Dad was trying to make a little side money growing crops and raising cattle. He invested in purchasing adjacent property, including the land I now live on. My wife and I lived in apartments for a time after we first married but were enticed by my father’s offer to carve out two acres for us. We moved out here next to my folks, where we raised three sons.
What I have always liked about living in the country was the peace and quiet. When I was a kid, there were very few children my age out here. Because the East Central ISD was decertified over segregation and other matters of the day, I went on a bus with other children from our church to Saint Cecilia’s Catholic School miles away.
Here on the farm I learned to milk a cow, fix a tractor, chase cattle, basic animal husbandry, and how to drive a grain truck and a tractor in the field. I could fix fences and knew what to feed animals and when. I would climb on top of a shed at night and count stars. While isolated, which I didn’t appreciate much at the time, it was wholesome.
I worked for Southwestern Bell Telephone Company from 1974 until 2015. That was a hectic job, which had me working virtually every neighborhood in Bexar County. I was always happy to return to the calm of my country home at the end of the day.
For years the City of Elmendorf was a nearby entity that oversaw the providing of community water, as far as I was concerned. My dad had helped form the water system decades ago, but the City had since taken over. My neighbors had little interest in belonging to the city because it was not doing anything all that important for them. As for me, local politics of the sleepy little town were of no interest, since I was not initially in its city limits. Even the church I belong to – St. Anthony’s Catholic Church – which is in the city limits, seems little affected.
When I built my house here in 1978, the construction permits to allow me to hook up electricity came from the City of San Antonio. Elmendorf was just some bumbling matter down the street where interesting news came from, such as the time the whole city council was in trouble for violating the Texas Open Meetings Act.
Around 2010 things began to change, but I paid scant notice. My sons went off to college in Austin and San Marcos and mostly didn’t come back. One son lived with us for a time, but he made it clear it was only until he could find a place more to his liking. He wanted something other than “way out here.”
The western part of Elmendorf expanded with a few dozen – mostly manufactured – new homes. My sons had friends that lived there, but I still paid little attention. We mostly went down the long lane, and turned left, away from Elmendorf. I liked it like that just fine.
In late 2015, my property was annexed by the City of Elmendorf. Now retired, I started to pay more attention to this entity that swallowed me up and was costing me about $700 more in taxes while providing me nearly nothing in exchange. I began going to city council meetings regularly and discovered that the apathy of most citizens was incredible.
There are a number of reasons for that – just the trouble of being frisked every time you attend a meeting might be some of it. Most folks out here are leery of getting stopped for any kind of traffic violation, as the fines are expensive. And I sense a simmering disinterest and indifference among many of the folks I have known through my church.
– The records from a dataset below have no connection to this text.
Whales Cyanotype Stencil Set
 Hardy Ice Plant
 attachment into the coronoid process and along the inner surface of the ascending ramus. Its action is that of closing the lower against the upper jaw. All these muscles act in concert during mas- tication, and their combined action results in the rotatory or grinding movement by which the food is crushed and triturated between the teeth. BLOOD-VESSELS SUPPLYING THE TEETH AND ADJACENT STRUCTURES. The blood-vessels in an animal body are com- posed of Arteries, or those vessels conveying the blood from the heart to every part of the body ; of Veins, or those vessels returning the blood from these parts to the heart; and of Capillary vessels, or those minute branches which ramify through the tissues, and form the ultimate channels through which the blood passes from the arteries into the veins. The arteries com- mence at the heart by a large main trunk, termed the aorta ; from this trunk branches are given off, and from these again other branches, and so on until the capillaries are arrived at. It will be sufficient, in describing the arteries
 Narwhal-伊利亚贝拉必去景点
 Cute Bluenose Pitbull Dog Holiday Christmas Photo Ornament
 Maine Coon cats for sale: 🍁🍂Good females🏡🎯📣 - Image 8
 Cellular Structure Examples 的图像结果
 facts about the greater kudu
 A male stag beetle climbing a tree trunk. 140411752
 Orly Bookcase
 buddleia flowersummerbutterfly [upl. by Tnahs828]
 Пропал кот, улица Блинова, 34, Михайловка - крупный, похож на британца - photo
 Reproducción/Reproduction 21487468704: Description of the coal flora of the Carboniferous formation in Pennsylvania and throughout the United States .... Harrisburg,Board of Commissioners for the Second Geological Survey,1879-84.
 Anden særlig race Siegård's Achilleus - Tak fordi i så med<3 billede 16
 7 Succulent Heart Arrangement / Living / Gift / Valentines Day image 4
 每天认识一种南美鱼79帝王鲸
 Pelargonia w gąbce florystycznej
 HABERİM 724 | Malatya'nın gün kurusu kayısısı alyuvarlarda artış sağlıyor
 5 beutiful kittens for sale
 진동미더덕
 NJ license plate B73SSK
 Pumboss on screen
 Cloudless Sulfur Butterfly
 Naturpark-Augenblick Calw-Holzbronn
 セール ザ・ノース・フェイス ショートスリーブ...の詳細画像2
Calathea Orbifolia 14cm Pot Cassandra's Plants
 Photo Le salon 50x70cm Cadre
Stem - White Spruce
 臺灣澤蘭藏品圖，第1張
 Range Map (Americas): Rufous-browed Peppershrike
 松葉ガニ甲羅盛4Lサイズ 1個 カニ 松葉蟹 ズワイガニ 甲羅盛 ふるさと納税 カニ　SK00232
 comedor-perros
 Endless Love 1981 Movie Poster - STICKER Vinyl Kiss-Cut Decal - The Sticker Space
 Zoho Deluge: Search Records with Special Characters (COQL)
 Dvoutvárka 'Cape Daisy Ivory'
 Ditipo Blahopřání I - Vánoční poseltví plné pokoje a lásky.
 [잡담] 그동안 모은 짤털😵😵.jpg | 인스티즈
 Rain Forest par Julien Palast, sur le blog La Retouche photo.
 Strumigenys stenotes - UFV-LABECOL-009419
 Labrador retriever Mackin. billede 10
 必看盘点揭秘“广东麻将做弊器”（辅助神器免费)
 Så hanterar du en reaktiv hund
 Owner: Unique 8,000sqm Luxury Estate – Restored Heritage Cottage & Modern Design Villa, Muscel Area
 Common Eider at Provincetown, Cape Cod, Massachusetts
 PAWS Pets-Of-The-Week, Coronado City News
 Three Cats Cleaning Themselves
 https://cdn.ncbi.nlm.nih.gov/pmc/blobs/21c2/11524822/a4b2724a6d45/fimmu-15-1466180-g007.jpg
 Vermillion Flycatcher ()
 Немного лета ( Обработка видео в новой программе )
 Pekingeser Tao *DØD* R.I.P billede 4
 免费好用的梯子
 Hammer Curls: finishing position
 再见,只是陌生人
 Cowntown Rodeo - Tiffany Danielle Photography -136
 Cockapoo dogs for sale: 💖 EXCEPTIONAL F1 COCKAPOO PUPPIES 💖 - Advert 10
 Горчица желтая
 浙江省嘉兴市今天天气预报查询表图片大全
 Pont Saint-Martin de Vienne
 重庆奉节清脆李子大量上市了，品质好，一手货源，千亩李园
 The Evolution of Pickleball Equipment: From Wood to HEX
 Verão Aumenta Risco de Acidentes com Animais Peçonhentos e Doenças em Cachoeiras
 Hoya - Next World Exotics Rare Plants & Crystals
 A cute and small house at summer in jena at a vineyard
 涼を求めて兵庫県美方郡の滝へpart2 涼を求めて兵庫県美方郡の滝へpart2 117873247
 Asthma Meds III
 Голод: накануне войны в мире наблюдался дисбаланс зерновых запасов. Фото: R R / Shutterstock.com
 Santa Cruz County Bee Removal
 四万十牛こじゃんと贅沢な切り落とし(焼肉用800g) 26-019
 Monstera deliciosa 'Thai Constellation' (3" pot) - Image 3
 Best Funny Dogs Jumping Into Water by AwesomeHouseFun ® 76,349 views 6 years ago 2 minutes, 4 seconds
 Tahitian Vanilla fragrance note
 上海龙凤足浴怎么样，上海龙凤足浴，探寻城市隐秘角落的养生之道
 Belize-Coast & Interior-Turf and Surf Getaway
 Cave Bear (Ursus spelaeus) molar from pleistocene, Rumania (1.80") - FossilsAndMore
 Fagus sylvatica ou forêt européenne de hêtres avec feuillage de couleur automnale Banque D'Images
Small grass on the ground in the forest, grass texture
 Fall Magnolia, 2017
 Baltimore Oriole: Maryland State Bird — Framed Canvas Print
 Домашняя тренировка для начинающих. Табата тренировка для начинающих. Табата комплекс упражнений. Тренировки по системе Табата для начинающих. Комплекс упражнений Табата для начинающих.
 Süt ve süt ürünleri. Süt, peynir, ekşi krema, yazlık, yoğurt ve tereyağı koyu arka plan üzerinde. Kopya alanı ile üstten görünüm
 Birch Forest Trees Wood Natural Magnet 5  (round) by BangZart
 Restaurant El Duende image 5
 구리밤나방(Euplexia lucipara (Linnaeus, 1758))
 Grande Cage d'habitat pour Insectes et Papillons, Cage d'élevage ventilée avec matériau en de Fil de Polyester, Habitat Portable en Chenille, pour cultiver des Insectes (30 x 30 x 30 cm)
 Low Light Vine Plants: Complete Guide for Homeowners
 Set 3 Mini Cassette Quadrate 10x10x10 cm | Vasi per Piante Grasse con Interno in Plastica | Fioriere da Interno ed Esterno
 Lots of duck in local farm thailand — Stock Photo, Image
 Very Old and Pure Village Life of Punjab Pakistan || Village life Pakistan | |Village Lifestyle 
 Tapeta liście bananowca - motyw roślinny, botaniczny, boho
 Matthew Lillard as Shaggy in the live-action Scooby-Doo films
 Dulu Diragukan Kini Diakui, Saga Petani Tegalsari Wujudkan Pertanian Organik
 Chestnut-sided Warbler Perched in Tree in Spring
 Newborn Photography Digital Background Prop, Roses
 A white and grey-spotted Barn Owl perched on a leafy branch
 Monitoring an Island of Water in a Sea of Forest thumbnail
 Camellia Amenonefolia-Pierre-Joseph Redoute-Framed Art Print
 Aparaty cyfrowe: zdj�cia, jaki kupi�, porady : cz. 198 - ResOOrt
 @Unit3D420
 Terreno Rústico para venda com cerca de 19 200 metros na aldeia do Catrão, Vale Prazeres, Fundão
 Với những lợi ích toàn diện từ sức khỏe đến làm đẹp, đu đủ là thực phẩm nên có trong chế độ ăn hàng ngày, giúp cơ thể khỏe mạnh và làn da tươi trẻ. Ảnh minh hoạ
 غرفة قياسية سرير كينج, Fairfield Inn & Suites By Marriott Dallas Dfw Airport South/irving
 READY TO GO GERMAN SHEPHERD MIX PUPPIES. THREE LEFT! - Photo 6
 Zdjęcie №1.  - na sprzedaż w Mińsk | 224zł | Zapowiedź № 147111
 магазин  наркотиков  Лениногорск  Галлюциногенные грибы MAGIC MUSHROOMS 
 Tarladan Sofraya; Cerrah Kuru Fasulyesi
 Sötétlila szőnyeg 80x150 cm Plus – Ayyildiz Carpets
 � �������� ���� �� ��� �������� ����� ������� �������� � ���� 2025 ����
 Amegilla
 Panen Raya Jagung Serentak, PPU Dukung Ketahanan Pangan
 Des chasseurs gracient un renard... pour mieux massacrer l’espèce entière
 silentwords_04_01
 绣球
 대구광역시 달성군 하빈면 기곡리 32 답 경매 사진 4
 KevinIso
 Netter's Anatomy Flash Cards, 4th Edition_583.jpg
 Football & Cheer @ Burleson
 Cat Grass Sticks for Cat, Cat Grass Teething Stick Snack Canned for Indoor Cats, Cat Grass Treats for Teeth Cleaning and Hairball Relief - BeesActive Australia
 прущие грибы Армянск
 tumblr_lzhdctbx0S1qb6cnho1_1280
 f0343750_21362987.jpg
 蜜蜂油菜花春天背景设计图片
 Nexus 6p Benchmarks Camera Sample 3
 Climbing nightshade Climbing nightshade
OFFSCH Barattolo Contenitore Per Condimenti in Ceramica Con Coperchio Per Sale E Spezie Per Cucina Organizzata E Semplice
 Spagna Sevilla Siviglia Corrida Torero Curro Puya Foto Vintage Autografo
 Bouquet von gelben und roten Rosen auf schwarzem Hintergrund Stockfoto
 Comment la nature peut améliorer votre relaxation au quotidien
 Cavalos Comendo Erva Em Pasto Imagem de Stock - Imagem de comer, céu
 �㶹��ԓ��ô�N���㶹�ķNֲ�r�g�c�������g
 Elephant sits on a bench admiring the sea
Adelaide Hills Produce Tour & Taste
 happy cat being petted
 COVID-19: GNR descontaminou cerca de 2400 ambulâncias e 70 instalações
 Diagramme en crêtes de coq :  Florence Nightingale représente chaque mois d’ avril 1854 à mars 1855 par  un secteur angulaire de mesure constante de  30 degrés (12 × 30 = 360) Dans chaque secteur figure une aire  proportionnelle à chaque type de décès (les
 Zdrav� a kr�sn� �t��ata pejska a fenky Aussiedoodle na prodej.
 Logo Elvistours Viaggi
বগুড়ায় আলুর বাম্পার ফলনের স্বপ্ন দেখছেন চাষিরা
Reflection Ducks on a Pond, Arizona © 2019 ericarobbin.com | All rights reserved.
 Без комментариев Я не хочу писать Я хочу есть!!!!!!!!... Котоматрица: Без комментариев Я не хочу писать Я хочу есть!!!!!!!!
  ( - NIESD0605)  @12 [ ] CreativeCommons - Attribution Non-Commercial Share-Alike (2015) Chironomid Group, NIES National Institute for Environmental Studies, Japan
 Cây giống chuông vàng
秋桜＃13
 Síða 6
I now sit on the Planning and Zoning Commission and on a Tax Increment Reinvestment Zone board. This gives me some insight into the nuts and bolts of change out here. Just recently, a new housing development was announced on the southern edge of the town that will transform this area greatly if it all works out. Elmendorf Ranch will eventually have 3,400 units, making Elmendorf roughly the size of Floresville.
Having seen Stone Oak grow from a disused farm to a small city when I worked for the telephone company, I know what is coming. There will be cars, people, and a transformation of expectations as far as the little municipality is concerned. Life as it is now will likely change. Some conveniences may migrate out here, but the future is not always what one envisions. Much remains to play out.